COMPETING PERSPECTIVES ON THE LINK BETWEEN STRATEGIC INFORMATION TECHNOLOGY ALIGNMENT AND ORGANIZATIONAL AGILITY: INSIGHTS FROM A MEDIATION MODEL
成果类型:
Article
署名作者:
Tallon, Paul P.; Pinsonneault, Alain
署名单位:
Loyola University Maryland; McGill University
刊物名称:
MIS QUARTERLY
ISSN/ISSBN:
0276-7783
发表日期:
2011
页码:
463-486
关键词:
firm performance
Real options
DYNAMIC CAPABILITIES
BUSINESS STRATEGY
exploration
dimensions
infrastructure
exploitation
architecture
flexibility
摘要:
Strategic information technology alignment remains a top priority for business and IT executives. Yet with a recent rise in environmental volatility, firms are asking how to be more agile in identifying and responding to market-based threats and opportunities. Whether alignment helps or hurts agility is an unresolved issue. This paper presents a variety of arguments from the literature that alternately predict a positive or negative relationship between alignment and agility. This relationship is then tested using a model in which agility mediates the link between alignment and firm performance under varying conditions of IT infrastructure flexibility and environmental volatility. Using data from a matched survey of IT and business executives in 241 firms, we uncover a positive and significant link between alignment and agility and between agility and firm performance.
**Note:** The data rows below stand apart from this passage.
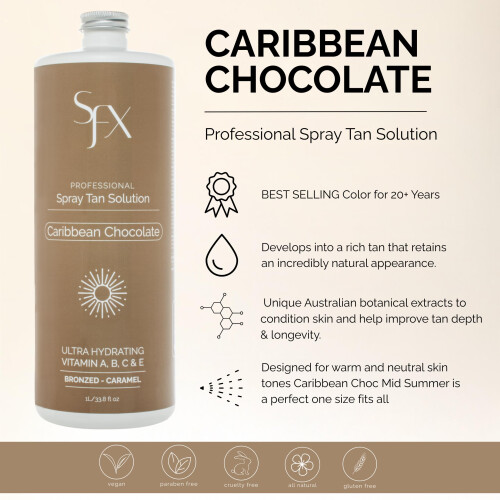 SunFX Caribbean Chocolat - Φυσικό Διάλυμα Μαυρίσματος σε Σπρέι (1L/33,8 fl oz LIGHT SUMMER) 2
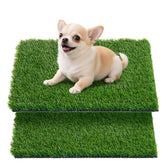 Oiyeefo artificial grass pad for dogs on a potty tray with easy cleanup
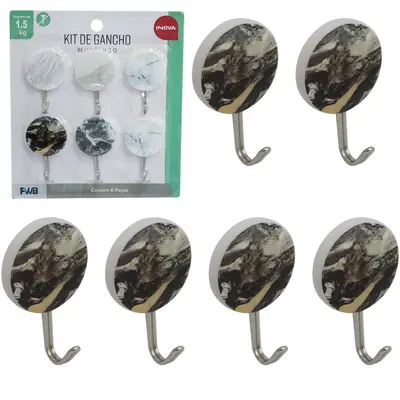 CABIDE GANCHO DE METAL MARMORE AUTOADESIVO INOVA COM 6 PECAS 5X3,2CM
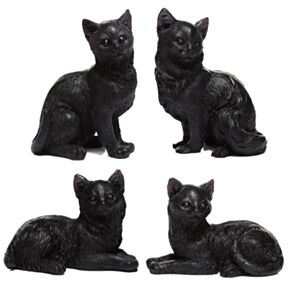 Zwarte Kat Miniatuur Beeldjes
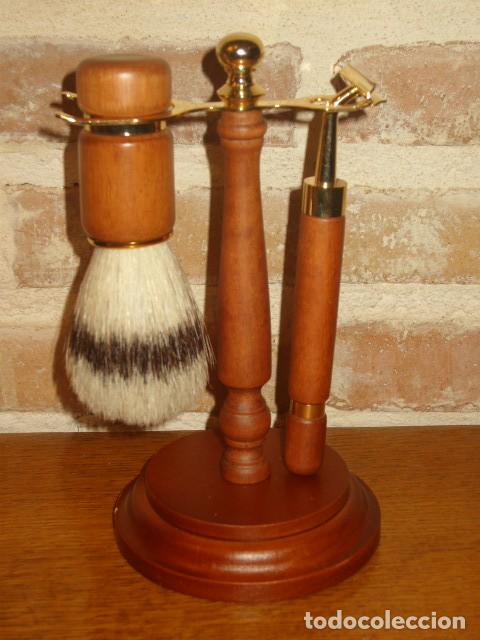 Antig&uuml;edades: SET DE AFEITADO EN MADERA. - Foto 2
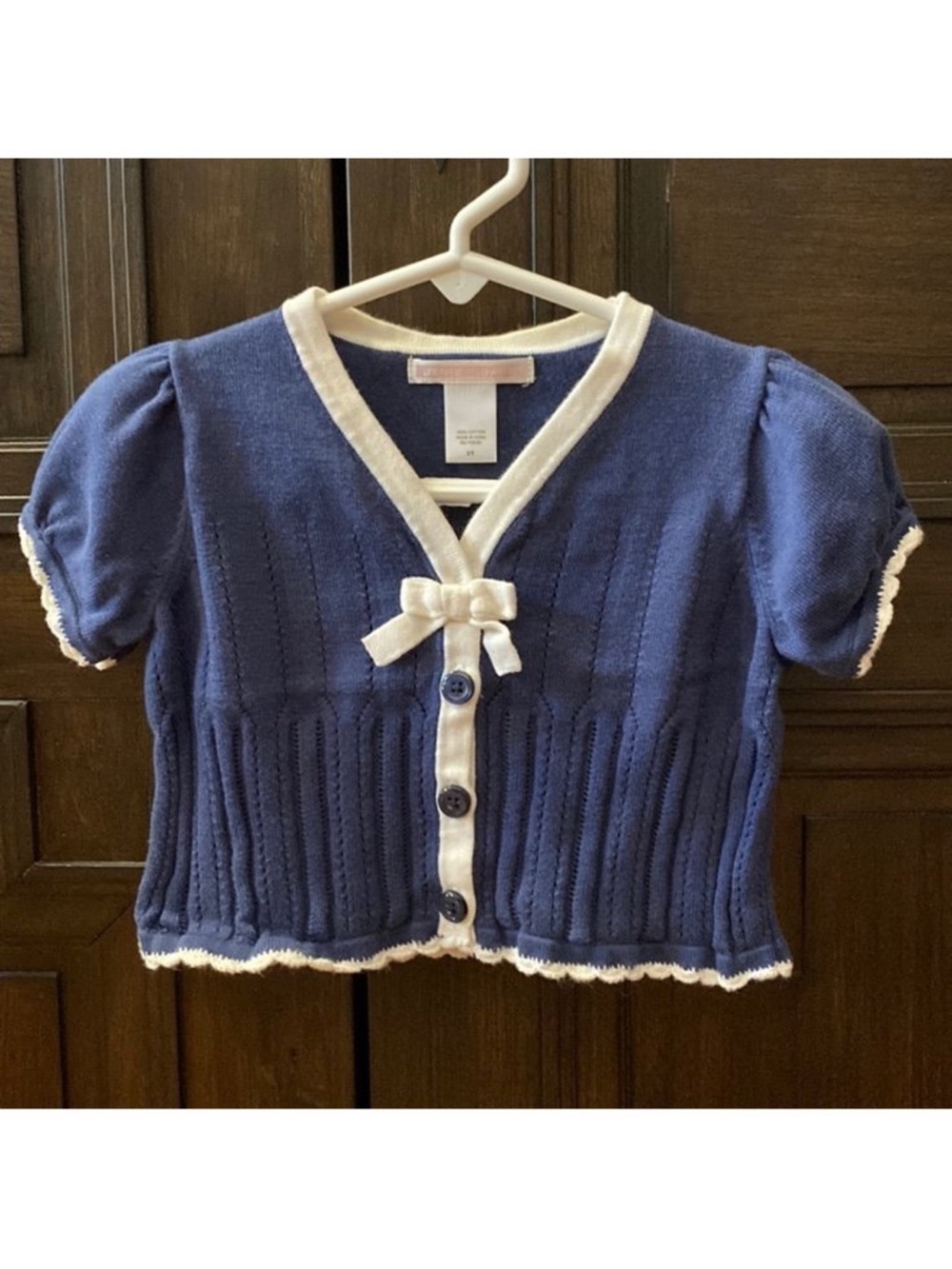 Janie and Jack Navy and Cream Bow-Front Knit Cardigan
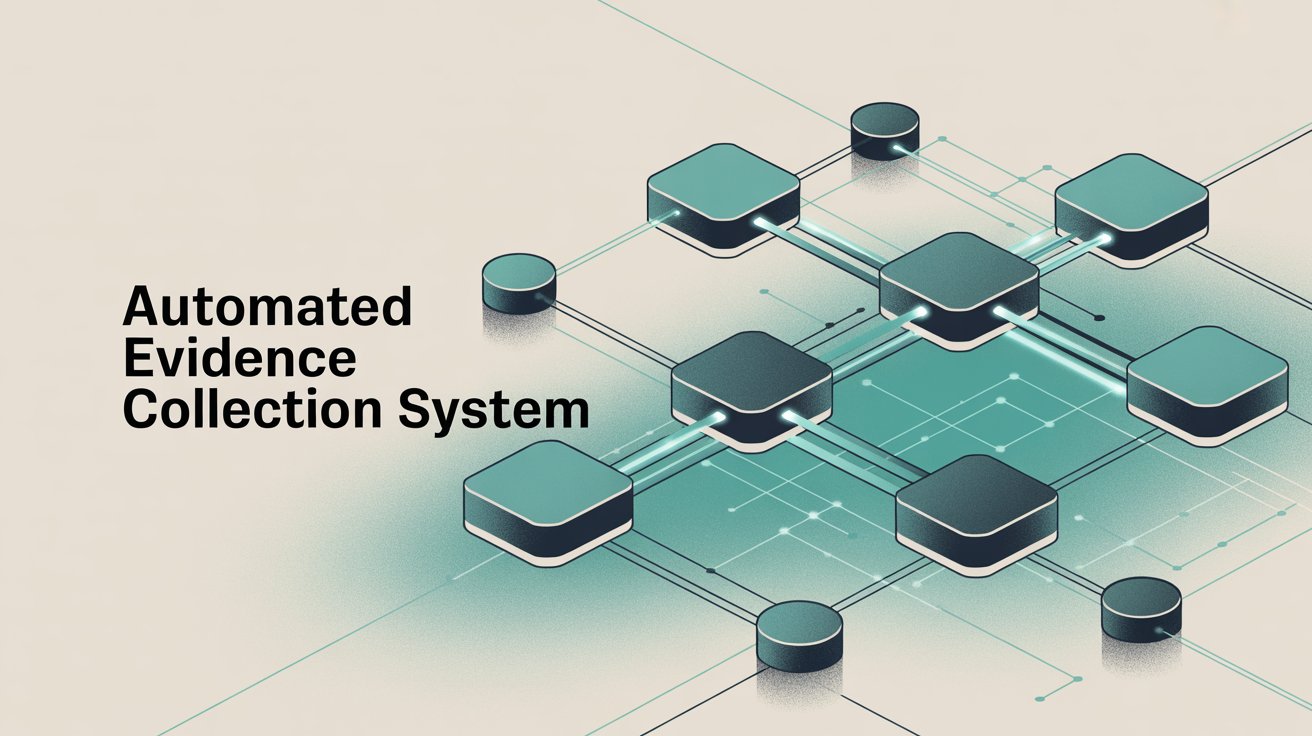 Automated evidence collection system architecture showing integrations and continuous data flow across platforms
We also show that the effect of alignment on performance is fully mediated by agility, that environmental volatility positively moderates the link between agility and firm performance, and that agility has a greater impact on firm performance in more volatile markets. While IT infrastructure flexibility does not moderate the link between alignment and agility, except in a volatile environment, we reveal that IT infrastructure flexibility has a positive and significant main effect on agility. In fact, the effect of IT infrastructure flexibility on agility is as strong as the effect of alignment on agility. This research extends and integrates the literature on strategic IT alignment and organizational agility at a time when both alignment and agility are recognized as critical and concurrent organizational goals.